ET = TX_bitrate * (1 - (TX_retries + TX_errors) / TX_packets) * 0.65
Such technique has very large hysteresis which is good to avoid
flapping between different nodes.
In my MESH lab this formula works quite well.
Please ask any questions and feel free to criticize.


Also please note that ath10k tx_bitrate can be fetched from ath10k
firmware debugfs statistics. Even with 10.2 firmware.


Best Regards,
Lukonin Kirill
  
Marek Lindner June 25, 2019, 8:26 a.m. UTC | #11
On Thursday, 13 June 2019 04:50:44 HKT Кирилл Луконин wrote:
> So here is the algorithm. It has a structure we call matryoshka.
> ET - Expected_throughput.
> 
> 1) ET = TX_bitrate * Transmit_probability * Overhead_coefficient
> Transmit_probability is always less than 1 so Expected throughput
> can't be equal to the TX_bitrate. Overhead_coefficient is also should
> be less than 1
> 
> 2) Transmit_probability = 1 - Retry_probability - Error_probability
> 
> 3) Retry_probability = TX_retries / TX_packets
> 
> 4) Error_probability = TX_errors / TX_packets
> 
> 5) Overhead_coefficient for 802.11 is fair enough to be 0.65, but can
> be changed after additional testing.
> 
> 
> ET = TX_bitrate * (1 - (TX_retries + TX_errors) / TX_packets) * 0.65
> Such technique has very large hysteresis which is good to avoid
> flapping between different nodes.
> In my MESH lab this formula works quite well.

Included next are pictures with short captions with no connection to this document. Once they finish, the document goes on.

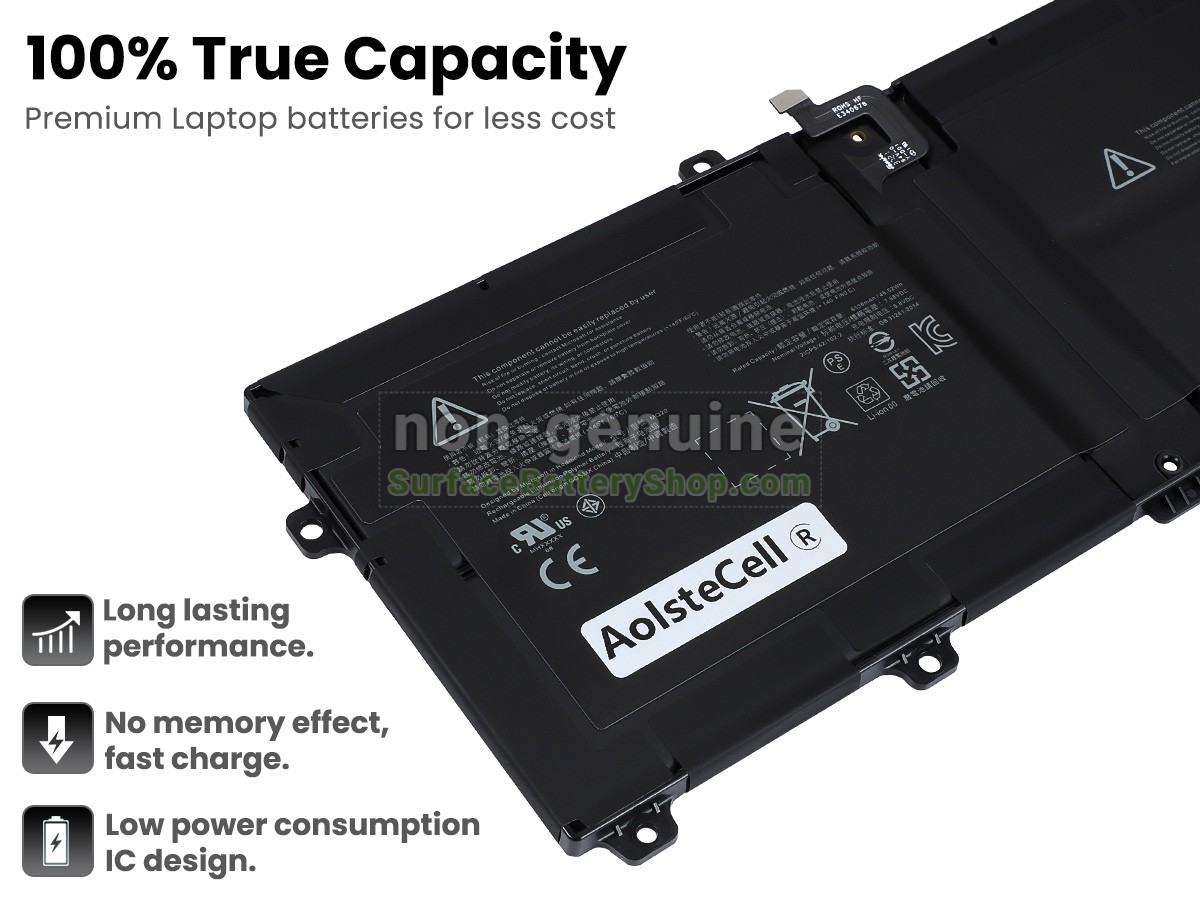 battery for Microsoft Surface Pro 11TH EDITION 2103 OLED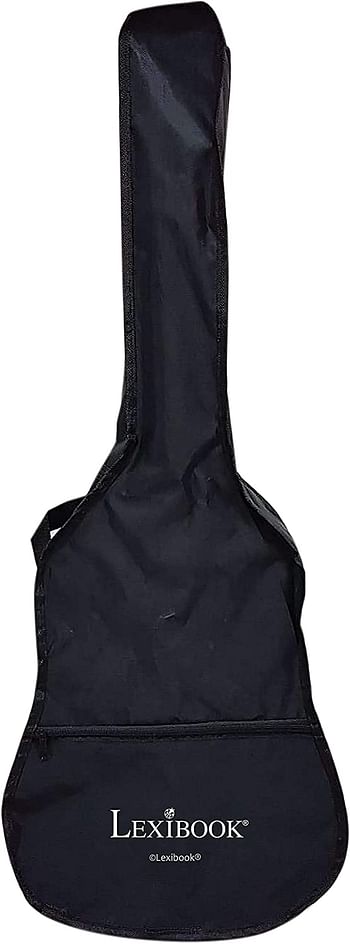 Lexibook Wooden AcoUStic Guitar, 36'', Learning Guide Included, 6 Nylon Strings, Carry Bag Included K2200 - Wood/Black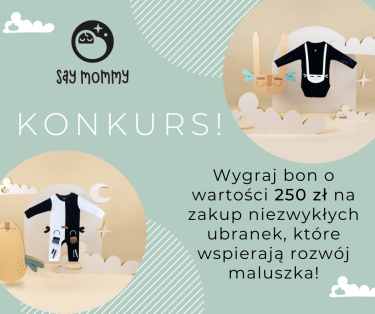 Wygraj bon zakupowy na niezwykłe ubranka Say Mommy!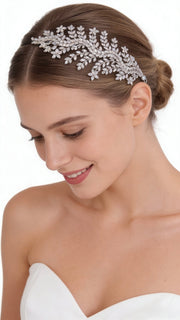 Lumina Opulent Leaf Symphony Bridal Hair Comb - MOGHANT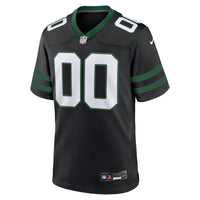 New York Jets Football Jersey, Black Game Alternate Sportswear Jersey Shirt, Lightweight Breathable Athletic Jersey, Casual Gift for Men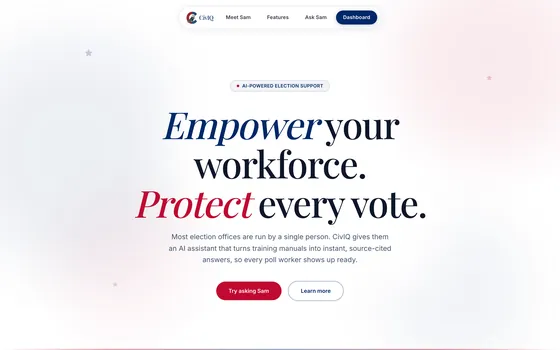 CivIQ — AI election assistant for poll workers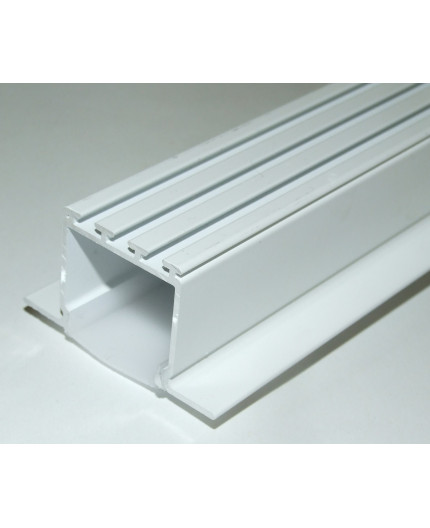 1m ceiling LED aluminium extrusion C2 painted/ white, with diffuser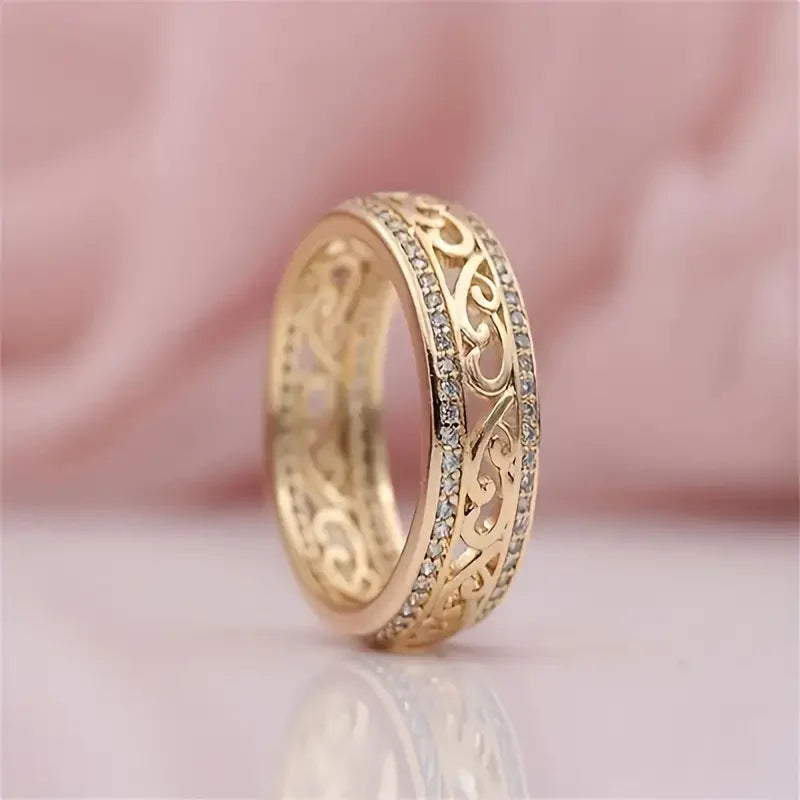 Shiny Hollow Ouro Anel | Ouro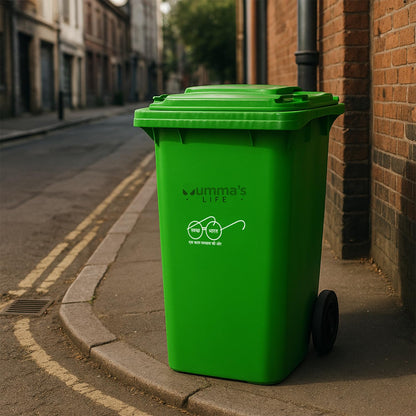Mumma's LIFE Plastic Manual Lift 120 Ltr Wheel Garbage Dustbin with Lid and Wheels (Green, Red, Blue)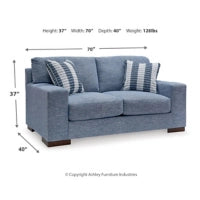 BELVOIR LOVESEAT SOFA
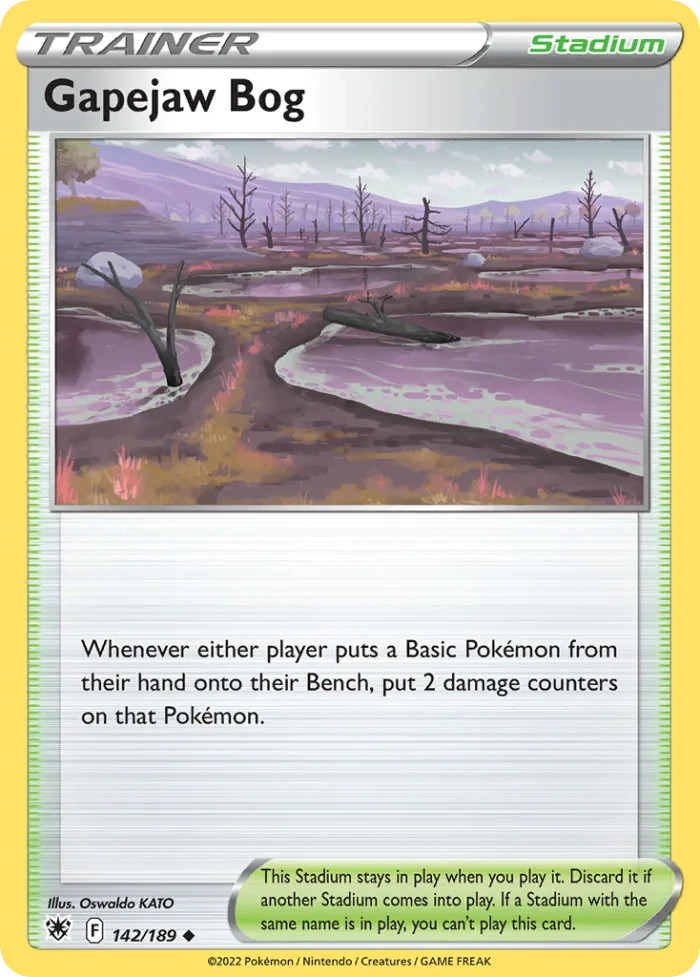 Gapejaw Bog #142 Astral Radiance Pokemon card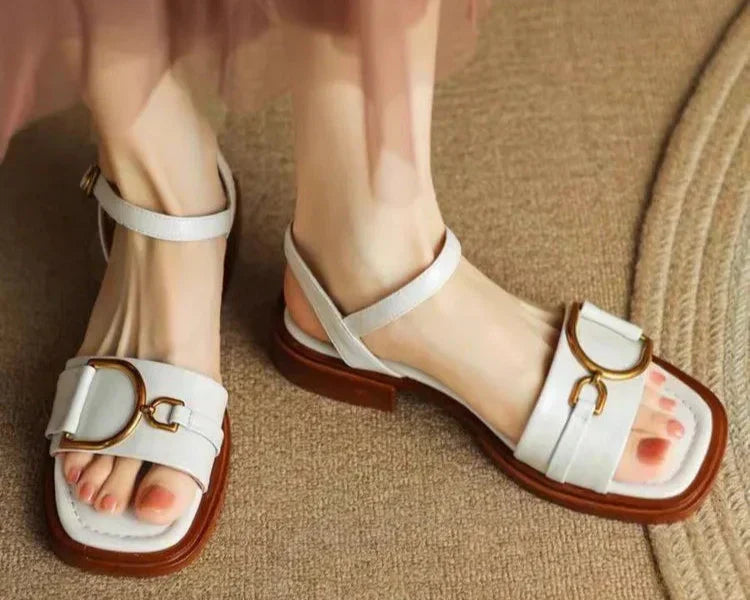 Amara | Buckled Flat Sandals Image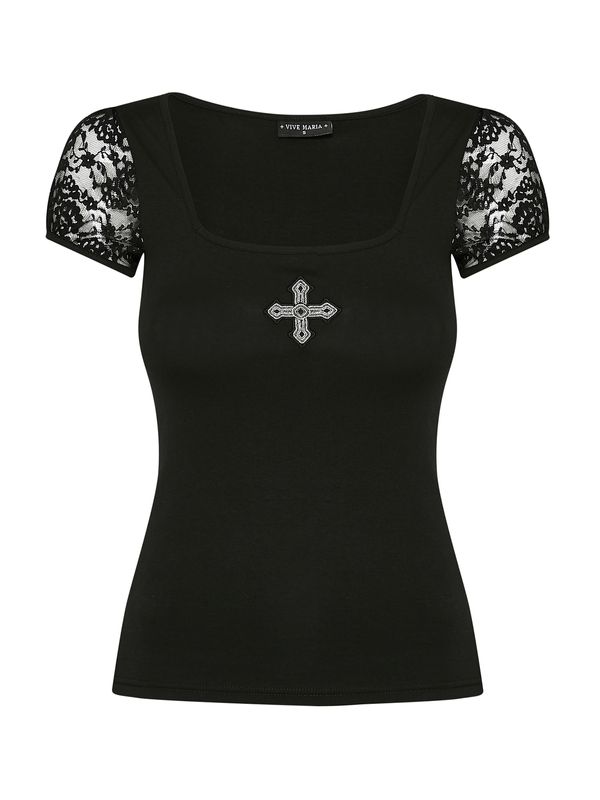 Nastrovje Potsdam Vive Maria Black Vamp Damen T-Shirt schwarz Weihnachtsangebot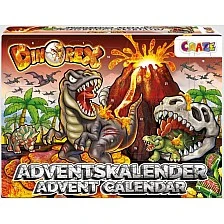 Χριστουγεννιάτικο Ημερολόγιο Advent, Craze, Δεινόσαυρος, 24 τεμάχια
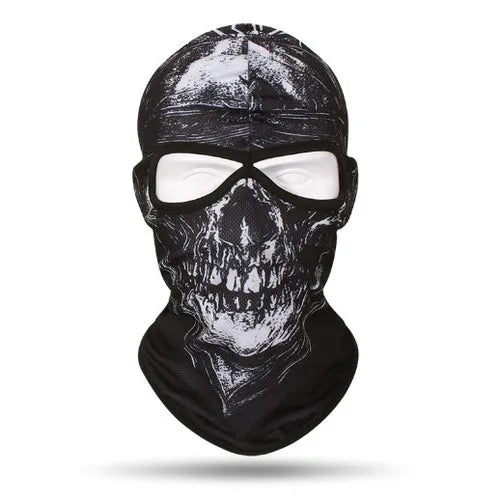 Cagoule Tactique Skull Couvre-Visage Intégral Coupe-Vent – Doublure Casque Moto & Vélo – Nylon/Polyester – 7 Coloris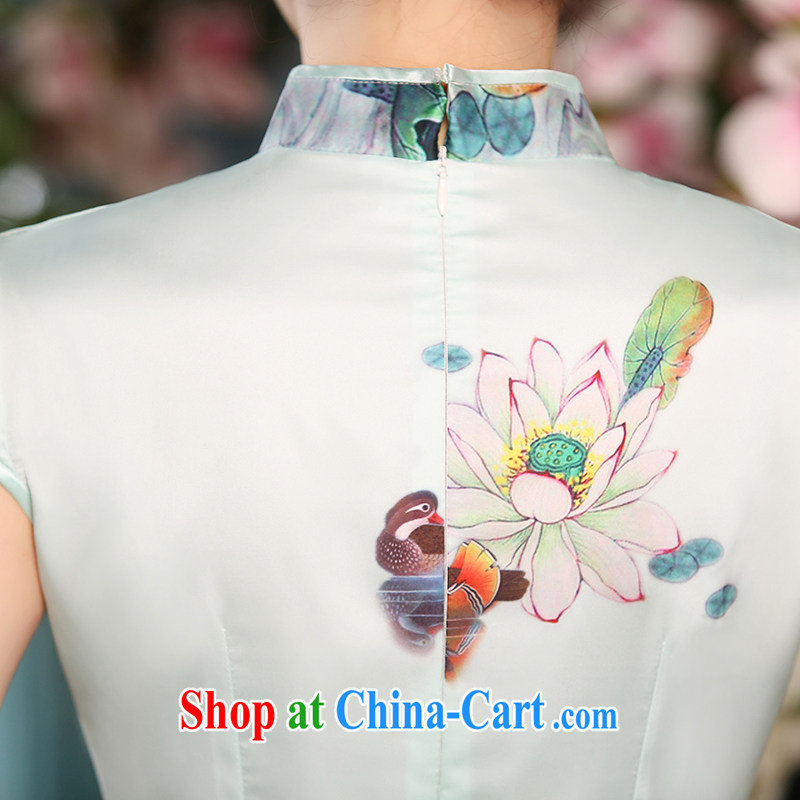 The cross-sectoral youth Elizabeth 2015 I should be grateful if you new long cheongsam improved female cheongsam dress summer long cheongsam dress everyday stylish ZA L 301, cross-sectoral, Elizabeth, and shopping on the Internet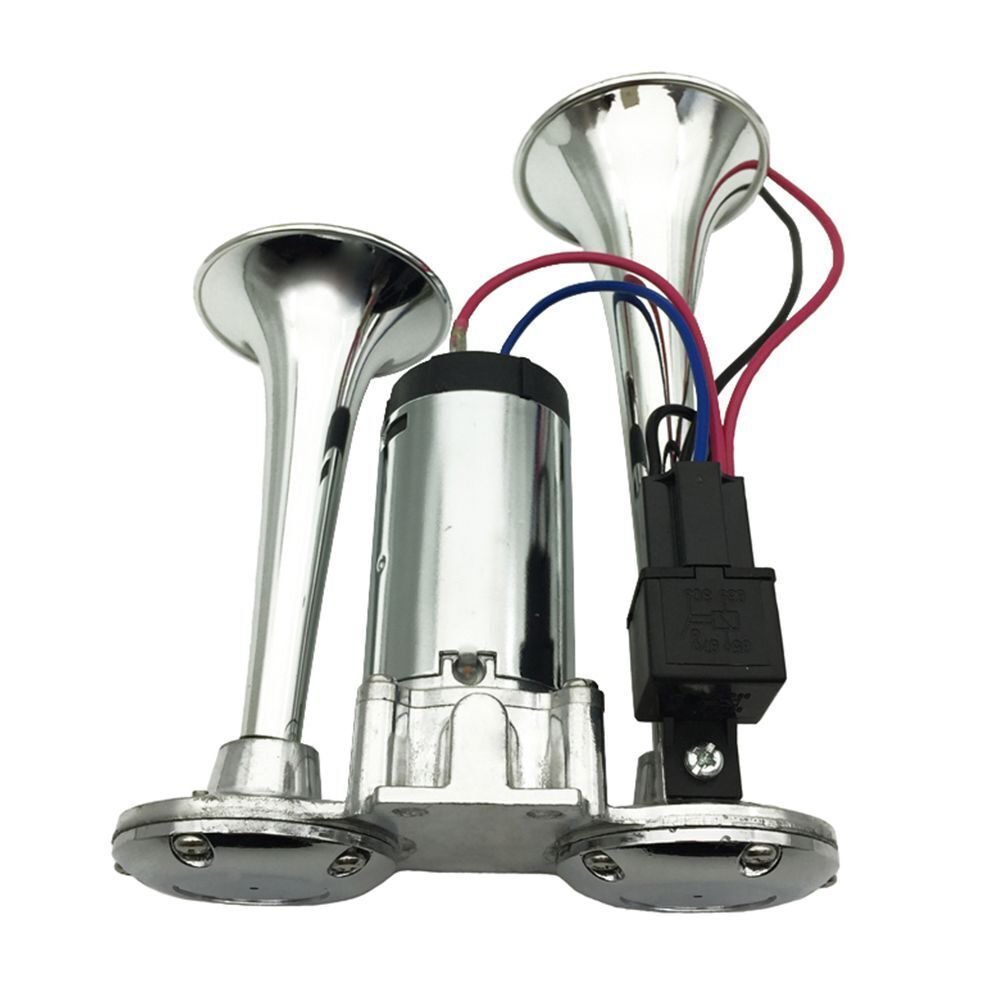 Trains Lorrys Boat Dual Trumpet Electric Horn Kit Dual Trumpet Car Air Horn Kit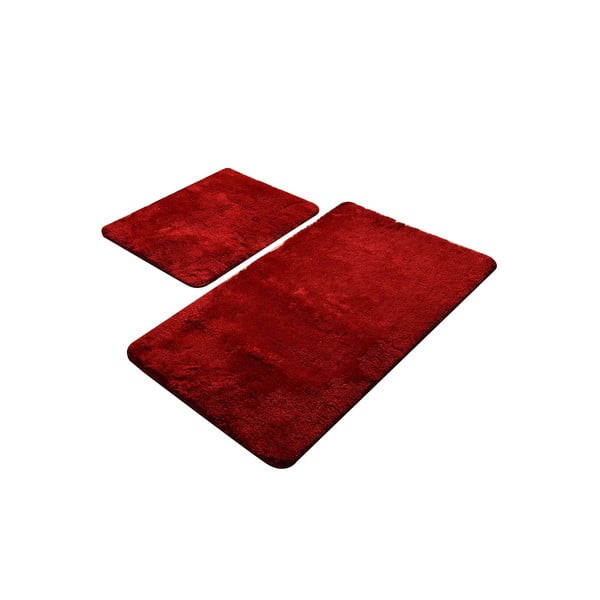 Set od 2 crvene kupaonske prostirke Chilai Home by Alessia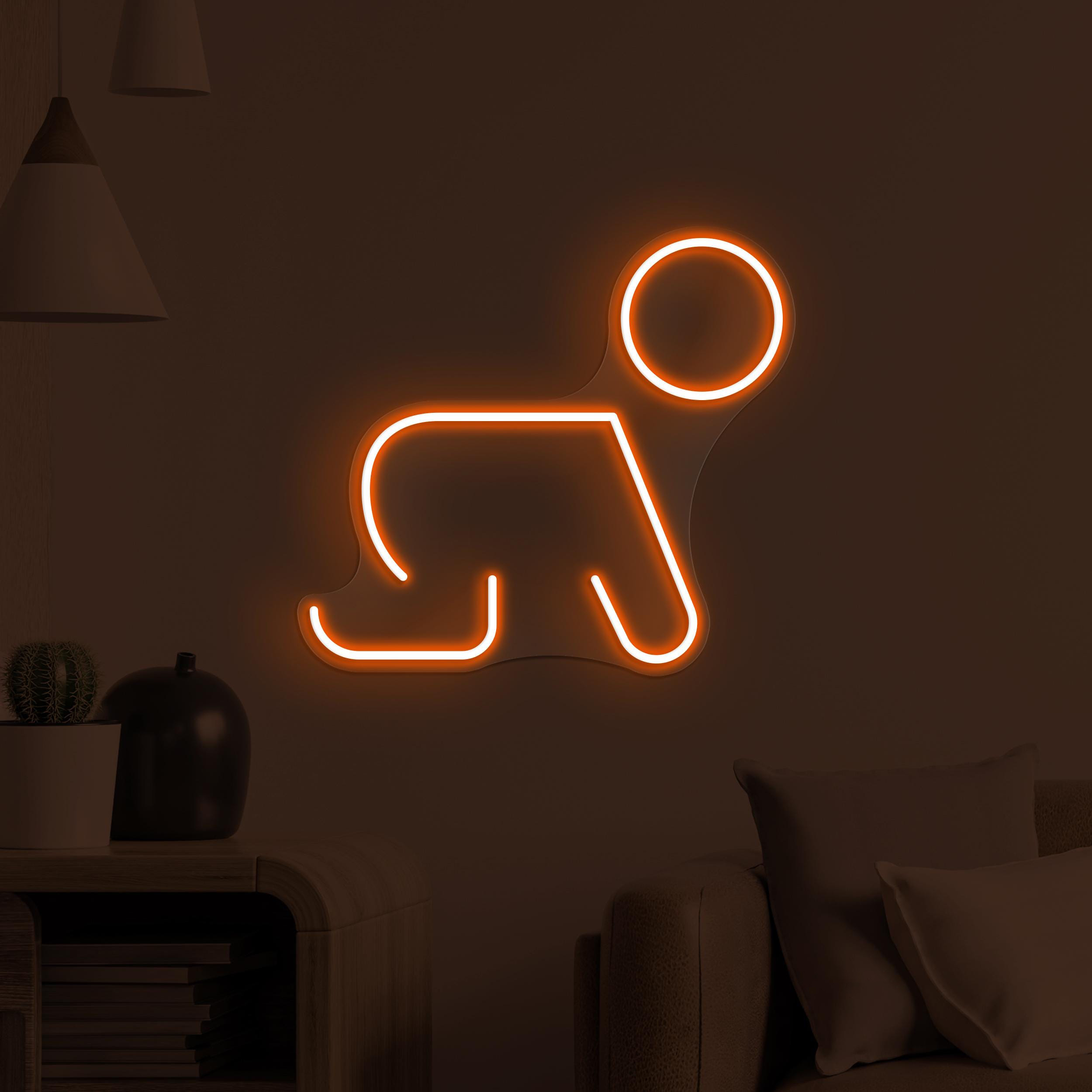 Crawling Baby Neon Sign, Crawling Baby LED Light, Nursery Room Wall Art, Baby Neon Sign, Custom Neon Sign, Home Wall Decor, Baby Room decor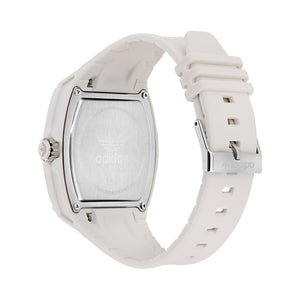 Adidas Unisex Uhr CITY TECH FIVE Kunststoff weiß AOFH25511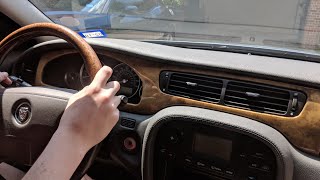 Onboard Jaguar S Type V8 Sound + Acceleration
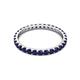 3 - Audrey 2.70 mm Blue Sapphire U Prong Eternity Band 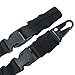 GVN 2 Point Sling&Shoulder Pad, Adjustable Strap Cord for Outdoor Sports, Hunting (Black)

This looks like an interesting approach. Which chips / environments did you 
test this formula with and how did the result compare to the actual TCP 
throughput ?

Thanks,
Marek
  
Кирилл Луконин June 27, 2019, 10:41 a.m. UTC | #12
Hello, Marek.

On Thursday, 13 June 2019 04:50:44 HKT Кирилл Луконин wrote:
>> So here is the algorithm. It has a structure we call matryoshka.
>> ET - Expected_throughput.
>>
>> 1) ET = TX_bitrate * Transmit_probability * Overhead_coefficient
>> Transmit_probability is always less than 1 so Expected throughput
>> can't be equal to the TX_bitrate. Overhead_coefficient is also should
>> be less than 1
>>
>> 2) Transmit_probability = 1 - Retry_probability - Error_probability
>>
>> 3) Retry_probability = TX_retries / TX_packets
>>
>> 4) Error_probability = TX_errors / TX_packets
>>
>> 5) Overhead_coefficient for 802.11 is fair enough to be 0.65, but can
>> be changed after additional testing.
>>
>>
>> ET = TX_bitrate * (1 - (TX_retries + TX_errors) / TX_packets) * 0.65
>> Such technique has very large hysteresis which is good to avoid
>> flapping between different nodes.
>> In my MESH lab this formula works quite well.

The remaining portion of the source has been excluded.